Friday, August 03, 2007

Neuropsychology Abstract of the Day: Agitation in Alzheimer's Disease (AD)

Mahlberg R, Walther S, Eichmann U, Tracik F, & Kunz D. Effects of rivastigmine on actigraphically monitored motor activity in severe agitation related to Alzheimer's disease: A placebo-controlled pilot study. Archives of Gerontology and Geriatrics. 2007 Jul-Aug; 45(1): 19-26.

Department of Psychiatry and Psychotherapy, Charité Campus Mitte, Charité-Universitätsmedizin Berlin, Turmstr. 21, D-10559 Berlin, Germany.

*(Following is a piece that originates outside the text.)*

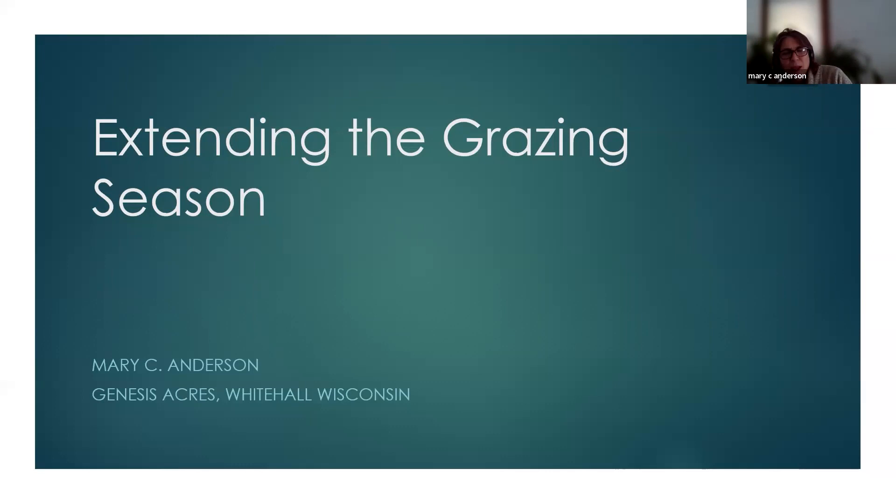Hello everyone from balmy west central Wisconsin. I'm Mary C. Anderson. First and foremost, I am a retired organic dairy grazer, and we currently run a 35 cow-calf birth-to-direct-market finish, 100% grass-based operation. I'm also the Conservation Ag and Grazing Specialist for the Wisconsin DNR, which allows me to help craft policy to allow conservation agriculture and managed rotational grazing on some of our publicly owned lands.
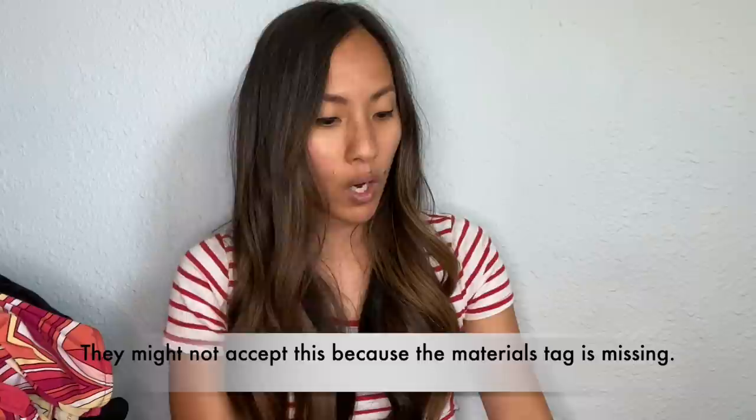Let's get started. This is an Ann Taylor dress in a size four. I have heard that Ann Taylor gets priced super high on thredUP and people make payouts of $30 or more. I don't traditionally have a lot of luck selling Ann Taylor myself, so I thought I'd try sending it in.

Acetylcholinesterase inhibitors (AChEIs) are effective in the treatment of cognitive symptoms in Alzheimer's disease (AD). Because the behavioral and psychological symptoms of dementia (BPSD) have also been attributed to central cholinergic deficits, we examined whether the AChEI rivastigmine can reduce motor activity as measured in a rater-independent manner by wrist actigraphy in agitated AD patients. A total of 20 consecutive AD inpatients (13 females, 7 males, 80.4+/-9.1 years, S.D.) were included from our geriatric psychiatry unit, all of whom were exhibiting agitated behavior not attributable to delirium. Patients were assigned randomly and in a single-blinded fashion to rivastigmine 3mg or placebo for 14 days. Motor activity levels were monitored using an actigraph worn continuously on the wrist of the non-dominant hand. At the beginning and end of the study, patients were assessed using the Neuropsychiatric Inventory (NPI) and Nurses' Observation Scale for Geriatric Patients (NOSGER). Patients in the rivastigmine group exhibited less agitation than placebo recipients on the NPI-agitation subscale, but not on NOSGER. Actigraphic measurements showed a tendency towards reduced motor activity in the rivastigmine group. Because rivastigmine usually exerts its main effects after a longer period of time, the short-term effects seen in our study justify further controlled clinical trials examining the use of rivastigmine in BPSD by means of actigraphy.